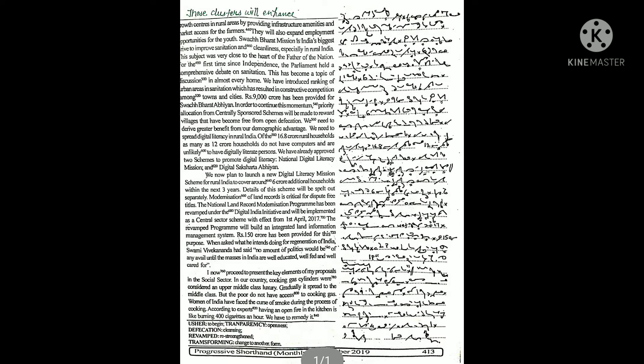The revamped program will build an integrated land information management system. Rupees 150 crore has been provided for this purpose.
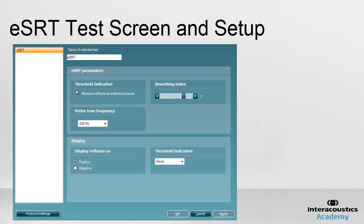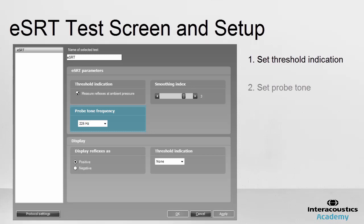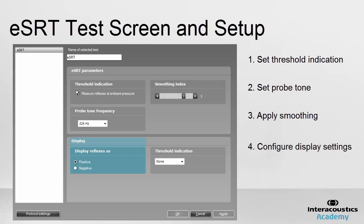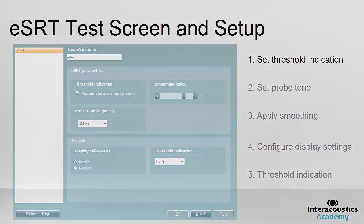From the Titan ESRT setup, it is possible to set the threshold indication to be obtained at ambient or peak middle ear pressure. The probe tone can be set for the four different probe tone frequencies described previously. Smoothing can be applied to remove noise from the trace. From the display settings, the reflex can be set to a positive or negative deflection, and the threshold indication line providing the visual target of when a reflex is present can be changed.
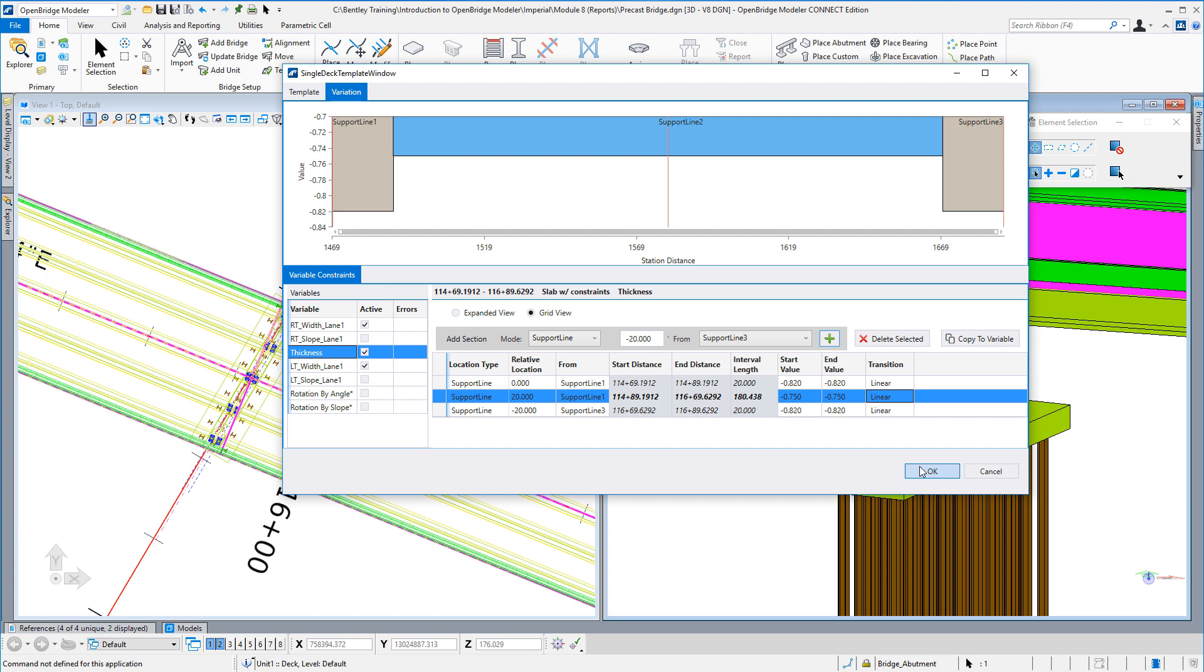One other thing to note here: there is a copy tool where we can copy these values and these ranges to any other variable on this list. Again, something we didn't have before, but a very key and really nice capability going forward.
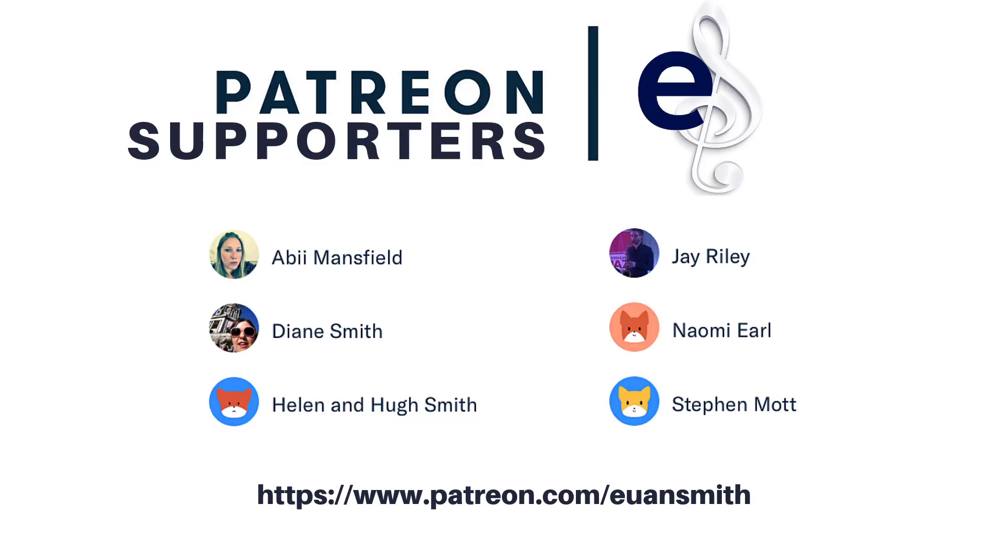So thank you very much for joining me with this first look into EastWest Studios' voices of opera. I've been Ewan Smith and don't forget to like, subscribe and share this video and I will see you in the next one. Bye for now.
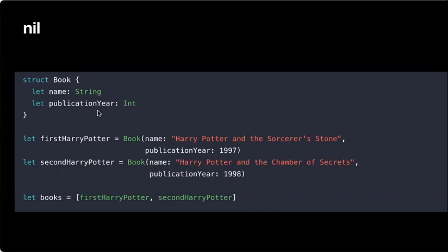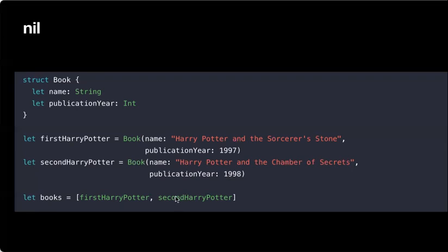So we have a structure called Book. This book has two attributes: a name, which is a string, and the publication year. We create instances using the initializer that comes with the struct, passing values for the name and then the year. We create an array containing the first book and the second book. This scenario is fine, no issues.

WHAT YOU ARE ASKED TO DO
Output, line for line and exactly, the records above from their first line through the one with "So thank you", both ends included, but no pictures.

ANSWER FOR THIS EXERCISE
The revamped program will build an integrated land information management system. Rupees 150 crore has been provided for this purpose.
From the Titan ESRT setup, it is possible to set the threshold indication to be obtained at ambient or peak middle ear pressure. The probe tone can be set for the four different probe tone frequencies described previously. Smoothing can be applied to remove noise from the trace. From the display settings, the reflex can be set to a positive or negative deflection, and the threshold indication line providing the visual target of when a reflex is present can be changed.
One other thing to note here: there is a copy tool where we can copy these values and these ranges to any other variable on this list. Again, something we didn't have before, but a very key and really nice capability going forward.
So thank you very much for joining me with this first look into EastWest Studios' voices of opera. I've been Ewan Smith and don't forget to like, subscribe and share this video and I will see you in the next one. Bye for now.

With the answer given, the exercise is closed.